3.  **People.csv**: Player names and biographical details.


In [None]:
# Install dependencies (if needed)
!pip install pandas numpy xgboost scikit-learn matplotlib seaborn shap

In [None]:
import pandas as pd
import numpy as np
import xgboost as xgb
import shap
from sklearn.model_selection import train_test_split
from sklearn.metrics import accuracy_score, classification_report, confusion_matrix
import matplotlib.pyplot as plt
import seaborn as sns
import os

plt.style.use('fivethirtyeight')
# Initialize JS for SHAP plots
shap.initjs()

## 1. Data Loading
Load the CSVs into Pandas DataFrames. We assume the notebook is running in `assets/code/` and data is in `data/baseball/` (2 levels up).

In [None]:
# Define paths (Update this to './' if running in Colab with direct upload)
DATA_DIR = '../../data/baseball/'

try:
    df_batting = pd.read_csv(os.path.join(DATA_DIR, 'Batting.csv'))
    df_hof = pd.read_csv(os.path.join(DATA_DIR, 'HallOfFame.csv'))
    df_people = pd.read_csv(os.path.join(DATA_DIR, 'People.csv'))
    
    print("Data Loaded Successfully!")
    print(f"Batting: {df_batting.shape}")
    print(f"HOF: {df_hof.shape}")
    print(f"People: {df_people.shape}")
    
except FileNotFoundError:
    print("Error: CSV files not found.

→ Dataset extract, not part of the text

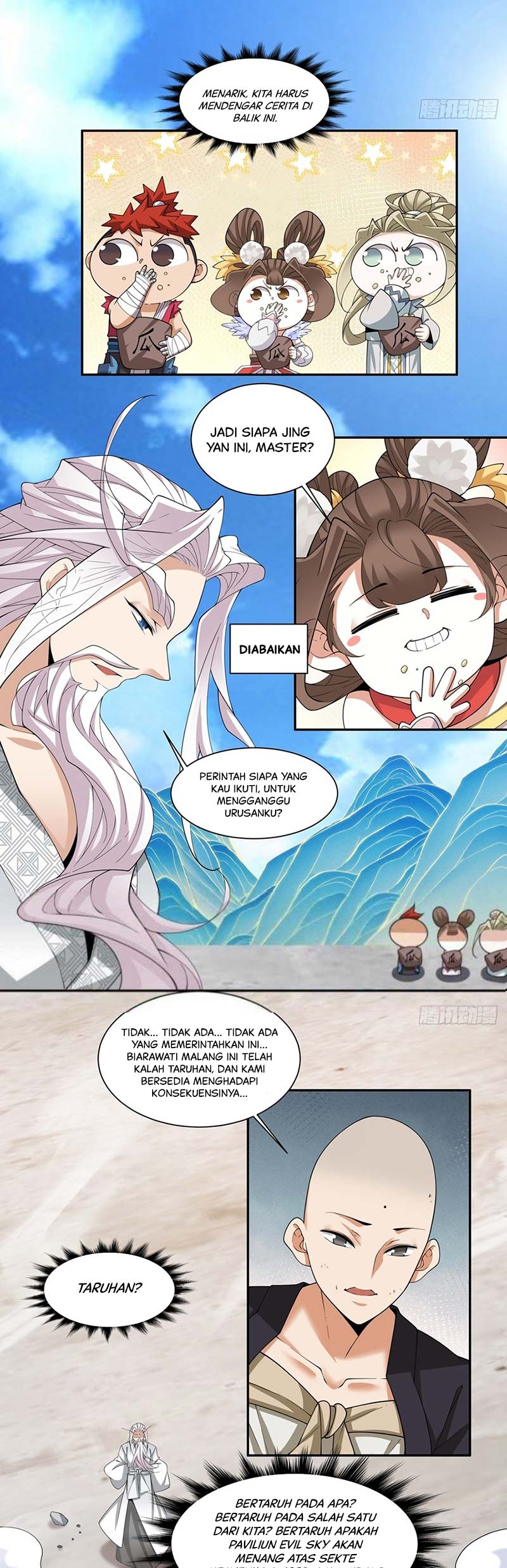 My Disciples Are All Big Villains Chapter 239 Image 3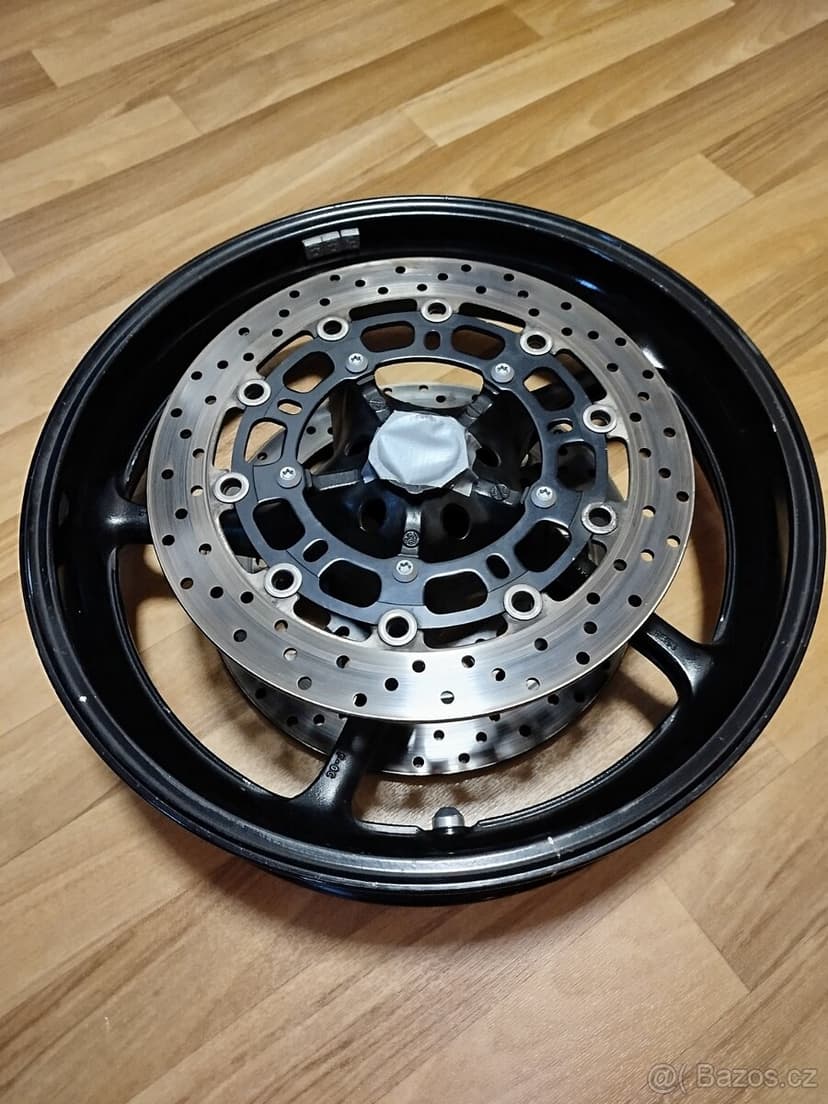 Kola přední, zadní na Yamaha R6 06-16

Please check the DATA_DIR path.")

## 2. Preprocessing & Aggregation
We need to transform season-level batting stats into **Player Career Totals**.

In [None]:
# 1. Aggregate Batting Stats by PlayerID
cols_to_sum = ['G', 'AB', 'R', 'H', '2B', '3B', 'HR', 'RBI', 'SB', 'BB', 'SO']

# Ensure columns are numeric
for col in cols_to_sum:
    df_batting[col] = pd.to_numeric(df_batting[col], errors='coerce').fillna(0)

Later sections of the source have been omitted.